Florian Balze (*1969) tastet sich mit seinen Arbeiten seit langem an jenem dünnen Grenzstreifen entlang, der Kunst und Design, Zweckfreiheit und Nützlichkeit, Autonomie und Heteronomie trennt. Waren Balzes Objekte früher teilweise noch echte Simulacra, in dem Sinne, daß sie wie Nachbildungen historischer Fundstücke (v.a. aus dem Kontext modernistischer Baudekorationen) wirkten, die es aber nie gegeben hat, so sind sie heute nicht einmal mehr das, sondern auf verwirrende Weise vollkommen eigenständig. Sie verweisen auf keine bestimmte Epoche mehr, sondern wirken auf diffuse Weise gegenwärtig (oder zeitlos, was in diesem Fall dasselbe ist) und sehr konkret möbelhaft (bzw. dekorativ).

Der oben bezeichneten Grenze rückt Balze mit seinen neuen Arbeiten so nahe, daß sie vor dem Auge komplett verschwimmt, und selbst dem an Duchamp, Warhol usw. geschulten Betrachter fordert Balze einiges ab.
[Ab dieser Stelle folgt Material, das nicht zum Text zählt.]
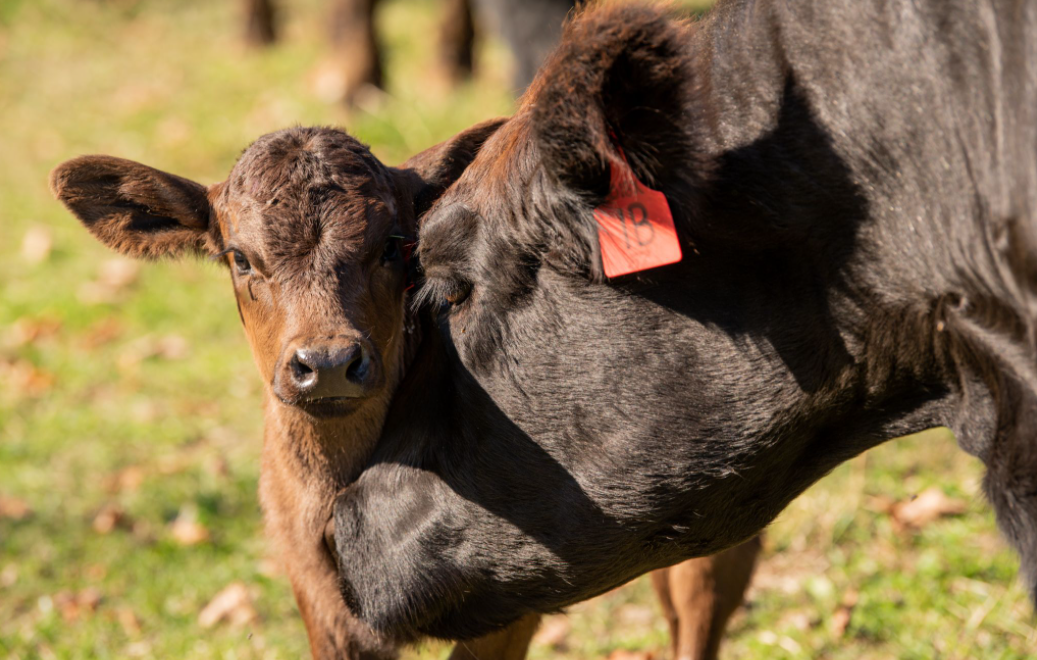 A cow and a calf are standing next to each other in a field.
Die prekäre Balance zwischen dem Autonomen und dem Funktionalen scheint immer wieder momentelang so weit zum Letzteren hinübergekippt, daß die schon grundsätzlich schwer beantwortbare Frage nach dem Kunst- oder Nicht-Kunst-Sein von Dingen und nach der Abhängigkeit ihres Status von Setzungen und Konventionen, von räumlichen und institutionellen Ordnungen, in der radikalen Negation ihrer Beantwortbarkeit bis zur Kenntlichkeit entstellt wird.
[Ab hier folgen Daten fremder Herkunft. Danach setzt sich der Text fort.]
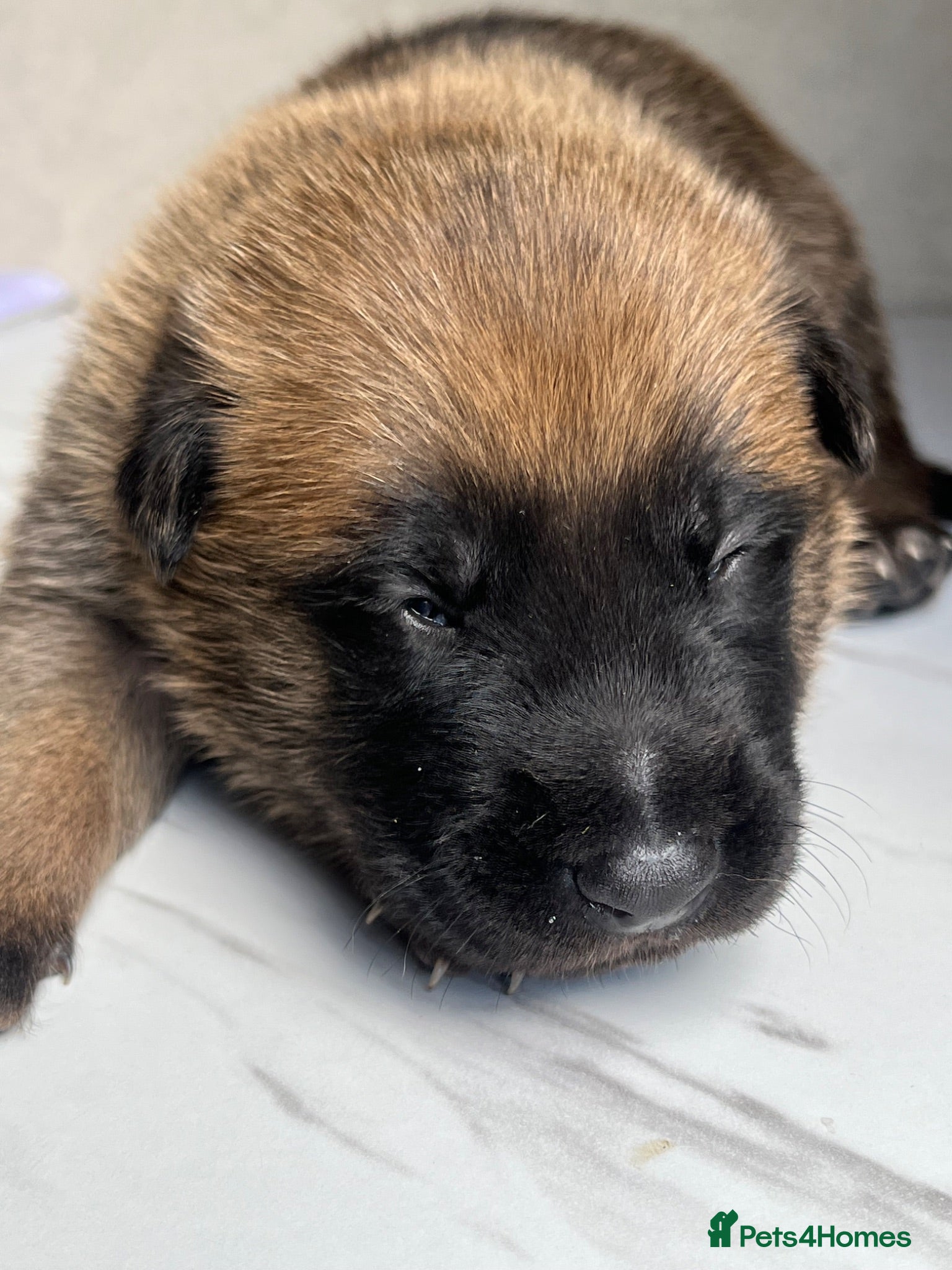 Belgian Shepherd Dog dogs Gorgeous Malinois Puppies ‼️ - Advert 4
Natürlich behaupten die Objekte ihre Funktionalität nur, gewissermaßen rhetorisch, aber dafür umso exzessiver, so dass zunächst kaum Raum bleibt, sie im eigentlich naheliegenderen kunstimmanenten Kontext von Minimal Art, Shaped Canvas, Objekthaftigkeit von Bildern, etc. zu lesen. Auch der für die Arbeiten konstitutive Umgang mit Farbe (der ein genuin künstlerischer, ja, vielleicht sogar malerischer ist), tritt zurück hinter eine Funktionalitätsbehauptung, die sich nicht zuletzt in der niederträchtigen Präzision ihrer Machart äußert: die Fertigung, der Umgang mit dem Material, die technische und optische Slickness sind so überaffirmativ, daß die Aura des Unikats hinter einer Anmutung fordistischer Serienfertigung verschwindet und noch der Aspekt des Modularen, der eigentlich aus der bildhauerischen Tradition des Minimal stammt, tarnt seine Herkunft als industrielle Serienmäßigkeit.
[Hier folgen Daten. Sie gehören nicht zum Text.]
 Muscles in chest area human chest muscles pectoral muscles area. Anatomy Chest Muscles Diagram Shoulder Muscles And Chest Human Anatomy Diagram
Balzes neue Skulpturen und Wandarbeiten, die in der Galerie Royal zum Teil zum ersten Mal überhaupt gezeigt werden, stellen die Frage nach dem Verlauf der Trennlinie zwischen Kunst und Design, Autonomie und Funktionalität ebenso radikal wie die nach eben dieser Unterscheidbarkeit überhaupt, bzw. nach der Tauglichkeit der hierzu üblichen Kriterien. Daneben präsentiert Balze noch ein wandfest in die Galerie eingebautes Raumelement, das nicht nur das Verhältnis von Skulptur und Raum (und wiederum der möglichen Grenze dazwischen) thematisiert, sondern, im Übersprung der farbigen Gestaltung zwischen diesem und einer der Skulpturen, auch das von Autonomie und Interdependenz. Bei allem konzeptuellen Überbau und allen eingebauten Irritationen verfügen Balzes Arbeiten jedoch auch immer über eine beachtliche Präsenz, Eigenständigkeit und Verführungskraft, durch die sie die von ihnen selbst geäußerten Zweifel sozusagen performativ unterlaufen. (Peter T. Lenhart)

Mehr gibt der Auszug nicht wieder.